First, I realised there is no place called Tongsan, aside from the one “Jalan Tongsan” in Shah Alam. 

But then it doesn’t make sense. He could have just said, “Balik Shah Alam.” Politicians think and act complicated, but in reality they are not.

Then second, I found out that Tongsan is a type of fish. A Chinese carp to be exact. Go ahead, do a quick Internet search and they will tell you Tongsan tastes good steamed, and there is another recipe with “kicap berempah.” I’m not sure if he meant “balik ikan”, which again doesn’t make sense, unless the party keep those who are mentally challenged around.

And third, assuming there was a spelling error, I remember there is a mountain in Hong Kong called “Tung Shan”.

And again, after taking into consideration our education standards, he could have also meant “Tongshan” (again a spelling error), which is a beautiful district in China. 

Folks, that is why education, which is very different from schooling is very important.

So which one is it? Could he be an uneducated man, not knowing how to spell, or tell the difference between fish and place, or perhaps had made a racist statement to a fellow Malaysian?

In the current political climate, it has to be the latter. 

Assuming that all Malays are patriotic is stupid.
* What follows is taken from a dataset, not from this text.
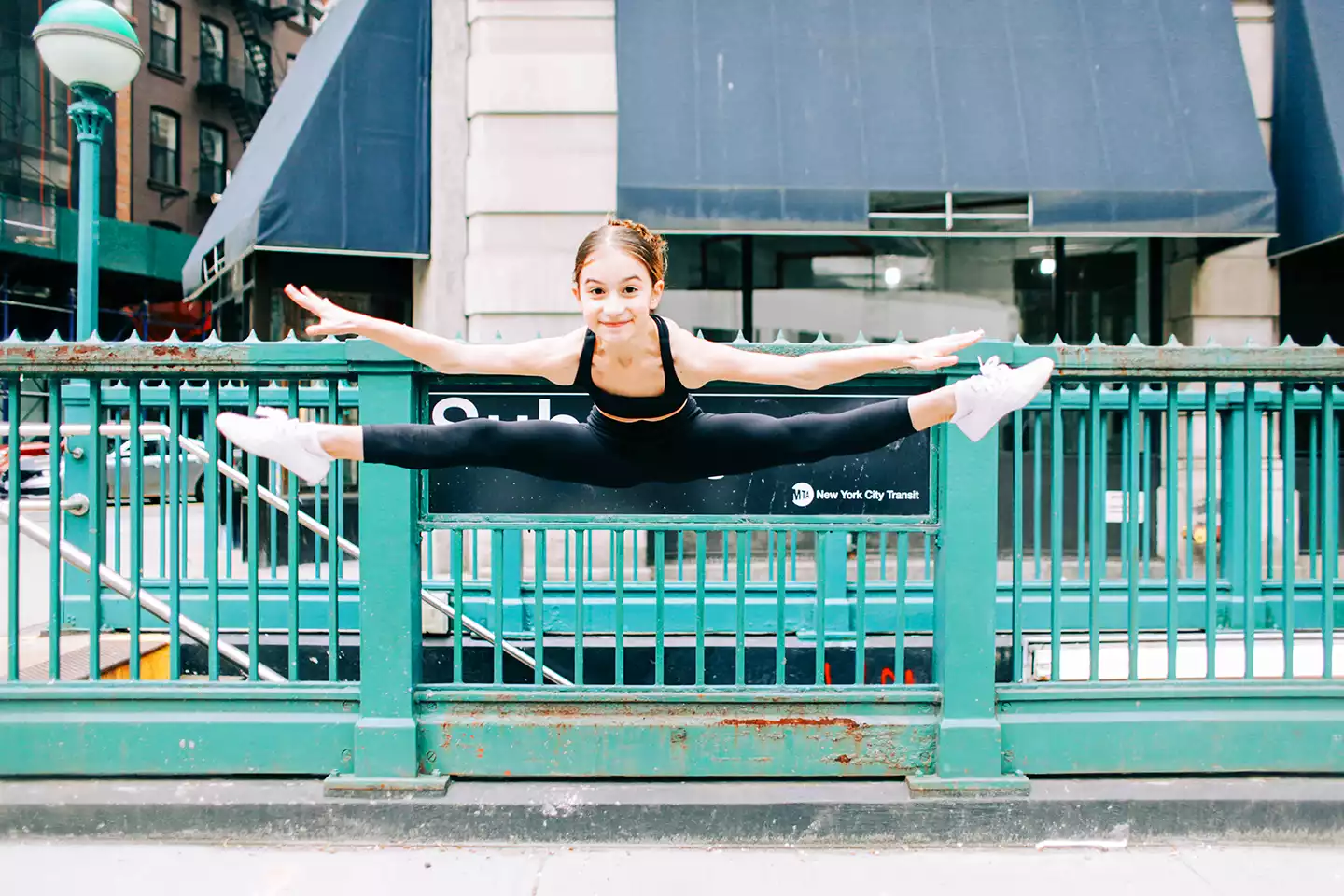 Jumping for joy by the subway station near our downtown Manhattan home!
Asking fair-skinned people to “balik Tongsan” at the slightest hint of insult to the nation is just ignorant and racist. 

Don’t forget, they could be Koreans. 

Hari Raya

I miss celebrating Eid as a kid. When my grandparents were still around.

Not mentioning the thick, fat green packets I got every year, my grandma was a great cook.

She made the best satay chicken. Her rendang, when taken with “ketupat”, will put most of the other cooks to shame. Her peanut gravy was smooth, thick with just enough spice to make you beg for more.

Thankfully my mom and aunt inherited her cooking skills.

I never understood why people would stare at us whenever we went shopping in town. Especially when we started asking for red “songkok” to accompany the red “Baju Melayu.” 

Perhaps it was the fashion sense. Perhaps the sight of an elderly Chinese couple going around looking for Raya clothes and “Baju Melayu” buttons was too much for the small Alor Star town in the 80s.

I sometimes wonder whether we have progressed or regressed since then.

My grandfather who always said, “This is our country. There is no where else for us to go”, who was elated when Tun Dr Mahathir listed Bangsa Malaysia as a prerequisite to achieve vision 2020, would have been disappointed at how fragmented we are as a nation if he is still around today.

Our differences and diversity, which were the source of our strength before, have now been relegated to ancient materials used as a tourist attraction, showcased in brochures and songs glorifying the past.

Nothing more. 

With so many racial NGOs mushrooming in the country, threatening to behead, kill and injure those who go against them, using the Federal Constitution as and when they deem fit, one would wonder if there is a grand plan to destroy the Malaysian way of life that our forefathers worked so hard to build.

The way of life that we have fought so hard to preserve. The way of life that is guaranteed to all Malaysians in the Constitution. 

So in the spirit of the upcoming Raya, we should resolve to put our differences aside. It should be our strength, not weakness which we can build the future upon.

Our children should thrive in an environment that promotes respect, tolerance, and celebration of each other’s differences, not one that antagonises, suspects and oppresses one another. 

They should stand equally tall, speak equally loud and strive equally hard to realize each and every one of our dreams.

That should be the spirit of Raya. That should be the spirit in which we celebrate all of our festivals.

That should be the future of Malaysia.

Wishing each and every one of you a blessed, and prosperous Raya ahead. 

God bless us all.

* This is the personal opinion of the columnist.